Sentados
en el caliente muro divisorio entre la casa y el jardín, Atilio y Guillermina
jugaban. Recortaban figuras de revistas y las pegaban en pequeños recuadros de
papel cartón. Luego pasaban horas hablando sobre lo que veían en las figuras.
Inventaban historias y leyendas que servían para atemperar las tediosas siestas
en que toda la familia dormía. La primera en salir, somnolienta aun, era la tía
Eufemia. Les traía agua fresca del aljibe, con zumo de alguna fruta fresca de
estación, para los cuerpos sedientos.
Luego
llegaba Sergio que les hacía alguna adivinanza o trabalenguas y se dirigía a la
sala. Allí comenzaba a sonar monótono el chelo del primo. Cuando se presentaba
el abuelo, les enviaba una sonrisa algo distraída con la mano en alto, entraba
con su violín y ensayaban horas y horas las partituras de color ocre que el
tiempo hacia más interesante. Faltaban pentagramas enteros. Pero era
maravillosa la mezcla irreverente de los clásicos.
Así
crecimos, llenos de melodías y compases que nos tentaba a tomar el piano de la
abuela y comenzar a estudiar. Las tardes y las noches se dilataban entre risas,
sonrisas y comentarios. Los vecinos nos tenían por una familia poco seria, pero
un día sucedió lo inesperado, Sergio tenía la edad de marchar al ejército. Se
fue con su pequeña mochila de inquietud, sorpresa y miedo. Nunca imaginamos lo
que devendría.
Una
guerra insensata de desplegó entre los dos países vecinos al nuestro. Nos
involucraba indirectamente.
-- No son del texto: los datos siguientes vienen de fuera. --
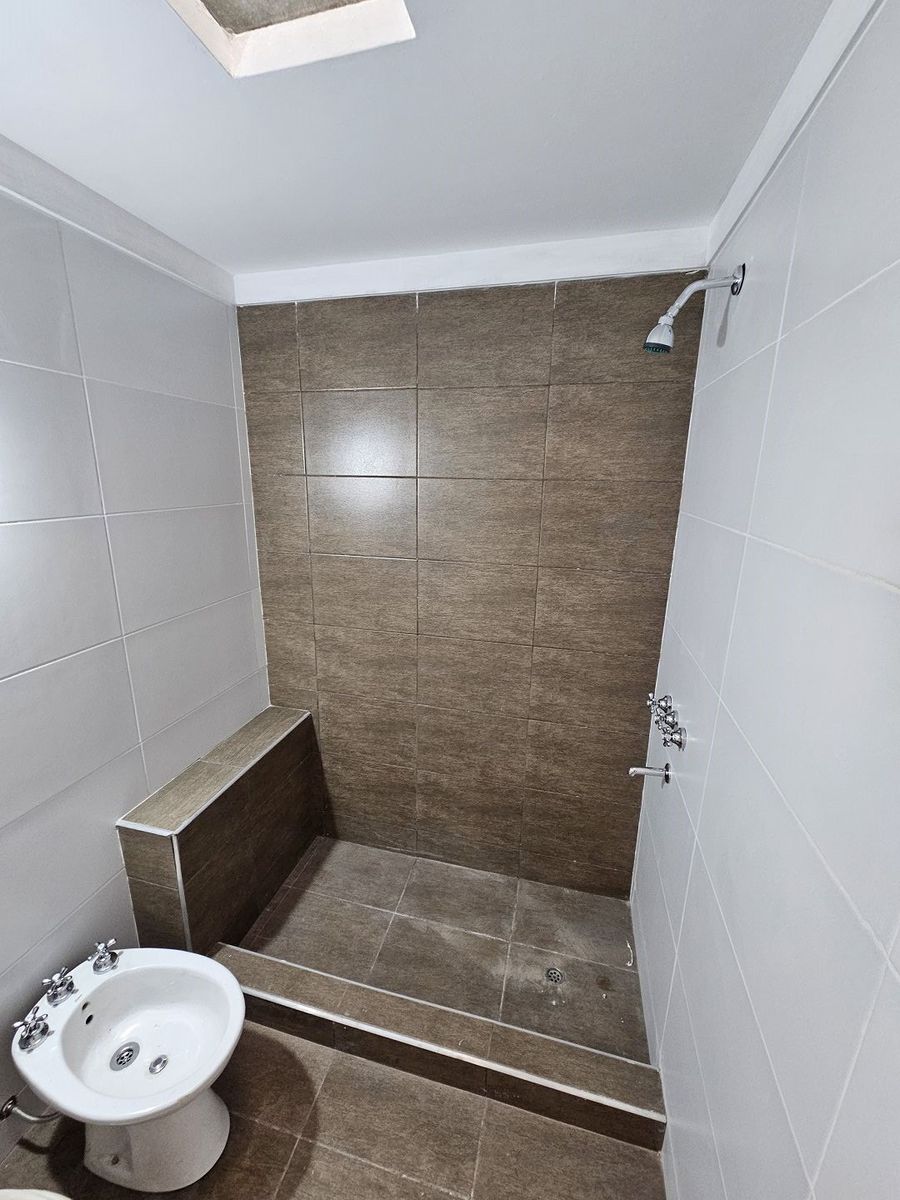 Refaccionada a Nuevo Casa sobre lote propio 8.66x16 3 Ambientes con Garage Terraza y Patio - 12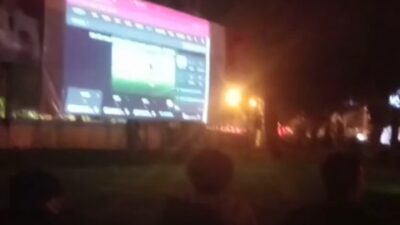 Sinyal Ngadet Penonton Kecewa Beranjak dari Rumput Hijau Halaman PEMDA Lampura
El abuelo había sido un mediador entre ambos países
hacía como treinta años. Llamaron a papá para que interviniera. Sergio en ese
entonces era candidato a ocupar un lugar en la banda del ejército, pero acompaño
a nuestro padre a ese viaje sin sentido. Así pasó de músico a ayudante de
diplomático.
Atilio,
viendo la tristeza de los mayores, comenzó el trabajo de armar una orquestita
con toda la familia. El entusiasmo del abuelo, que ay sordo, mantenía el ánimo
de las mujeres, aunque lo vimos llorisquear en muchas oportunidades.
Una
mañana que ensayábamos en la galería oeste, vimos que llegaba un coche oficial
con la bandera de la cruz roja. Bajó un joven regiamente vestido y preguntó por
mamá.
Tía Eufemia, lo invitó
a ingresar a la galería. Se interrumpió la música. Quedaron los sonidos
suspendidos bajo las glicinas.
En voz muy baja,
le comunicó algo. Un estallido, sangre… humo, muerte. Papá no regresaría,
Sergio estaba grave. El abuelo se acercó con pausa, no emitió sonido. Pero con
la mano apoyada en el pecho comenzó a sollozar muy quedo.
Mamá partió en
el coche que trajo la noticia. Pasó un tiempo en que prudentes no volvimos a
ensayar. Nos acercó la Oda
a la Alegría
y sonaba muy linda, cuando llegaron Sergio y mamá. Sergio estaba herido. Ciego.
Pero acercó el abuelo el chelo y lo sentó junto a mí y todos juntos comenzamos
a tocar. Habían regresado, teníamos motivos suficientes para festejar.